5 Posts Tagged 'Regex' RSS

Vim regex - remove kind-of-matching lines

I have a file where every line starts with a number (followed by whitespace and a bunch of other stuff). Every number appears on either one or two lines, and if two, the second line always has a b after the number.

I need to delete every line for which there's a corresponding b line. But if there's no corresponding b line I want to leave the original line there.

Before:

123 foo bar
456 blarg
789 quux
123b foo baz
789b quux blurble

After:

123b foo baz
456 blarg
789b quux blurble

Except in my real file, I have a thousand lines and it'd take a year to do by hand. Vim to the rescue:

:sort
:%s/^\v((\d+).*\n)(\2b.*)/\3/

And that is why Vim is awesome. Can you think of a shorter way to do this, in Vim or Emacs?

June 20, 2010 @ 10:49 PM PDT
Cateogory: Programming
Tags: Vim, Regex

Let's parse

Is there anything more fun than parsing strings? I submit to you that there is not. I'm currently reading my way through Parsing Techniques - A Practical Guide, which has a first edition free online. (I'm hoping Santa brings me a copy of the 2nd edition this year.)

This is a good book, with enough math to be rigorous but not so much that it's completely unreadable. It starts from the absolute basics ("What's a grammar?") and goes through the Chomsky hierarchy and then dives into parsing techniques in great detail, in a language-agnostic way.

Languages and grammars are fascinating. In high school I studied Spanish, French, Latin and German, largely in my spare time. When I was 16, if people asked what I wanted to do for a living, I said "translator".

The plan to become a translator failed partly because the quality of my early education was horrendous and partly because mastering a language is extremely difficult and at 16 I wasn't motived enough. And then computers showed up in my life, which gave me a never-ending supply of languages to play with, while being fun (and profitable) in so many other ways. But I still took two years of Japanese classes in college for no reason other than enjoyment, and I'm still trying (and failing) to learn Japanese in my spare time 8 years later.
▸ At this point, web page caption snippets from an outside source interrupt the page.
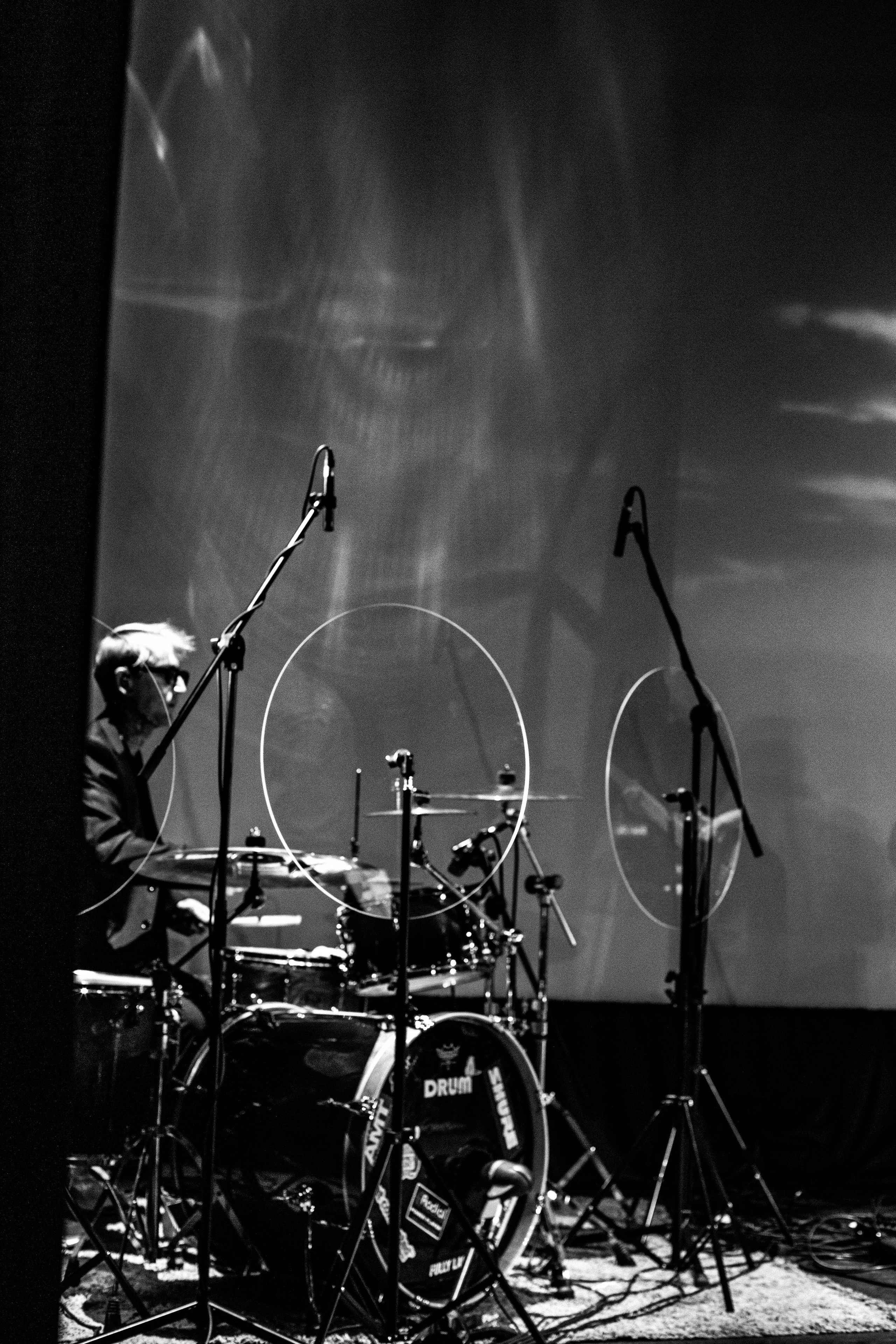 Рекорд. Герои нашего времени со струнным оркестром. Фотограф в Нижнем Новгороде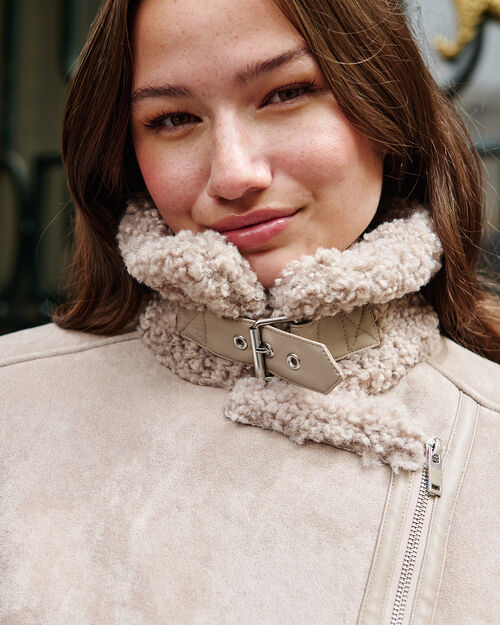 Chamarra Solapa Borrega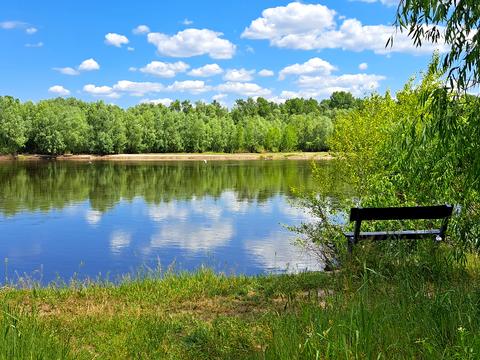 участок по адресу Деснянская ул.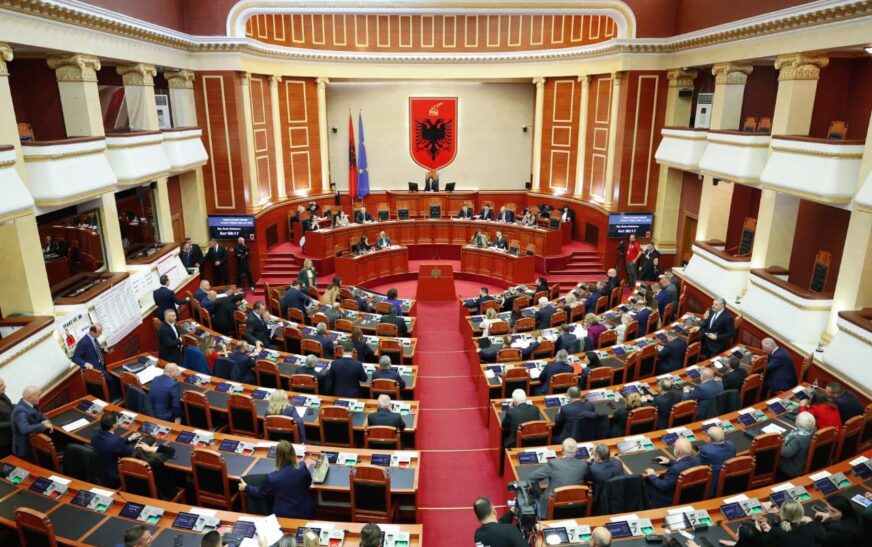 Kuvendi i Shqipërisë nis me një minutë heshtje për Adem Jasharin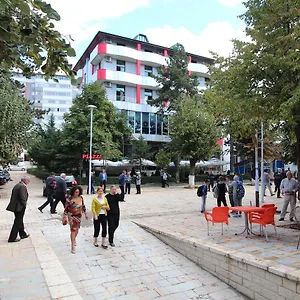 Piazza Hotel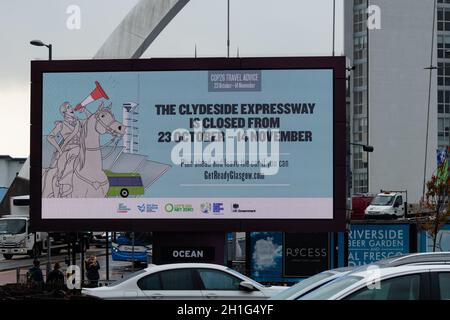 Glasgow, Scozia, Regno Unito. 18 Ott 2021. Glasgow continua a prepararsi per la COP26. Nella foto: COP26 cartello di avviso di viaggio che dichiara che la Clydeside Expressway è chiusa tra il 23 ottobre e il 14 novembre #GetReadyGlasgow.com credito: Kay Roxby/Alamy Live News Foto Stock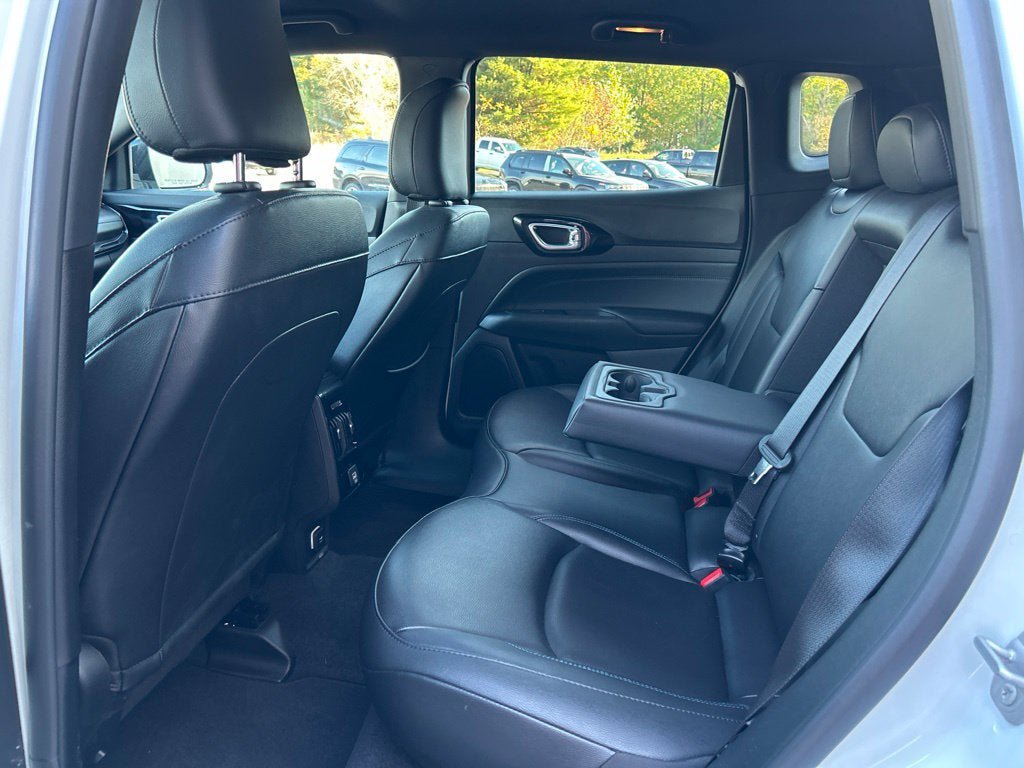 Used 2026 Jeep Compass Limited AWD/4WD image 27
Perl was my first favorite language probably for no reason other than regular expressions. I can understand how people call PCRE syntax line-noise, but to me it's beautiful line noise. I live and breathe regular expressions nowadays. My favorite CS class in college was one where we went through and laboriously built finite-state automata and pushdown automata and Turing machines. Seeing the equivalence of these simple machines with the different classes of grammars was a huge epiphany. Such a simple concept with such huge consequences.

Dijkstra said:

Besides a mathematical inclination, an exceptionally good mastery of one's native tongue is the most vital asset of a competent programmer.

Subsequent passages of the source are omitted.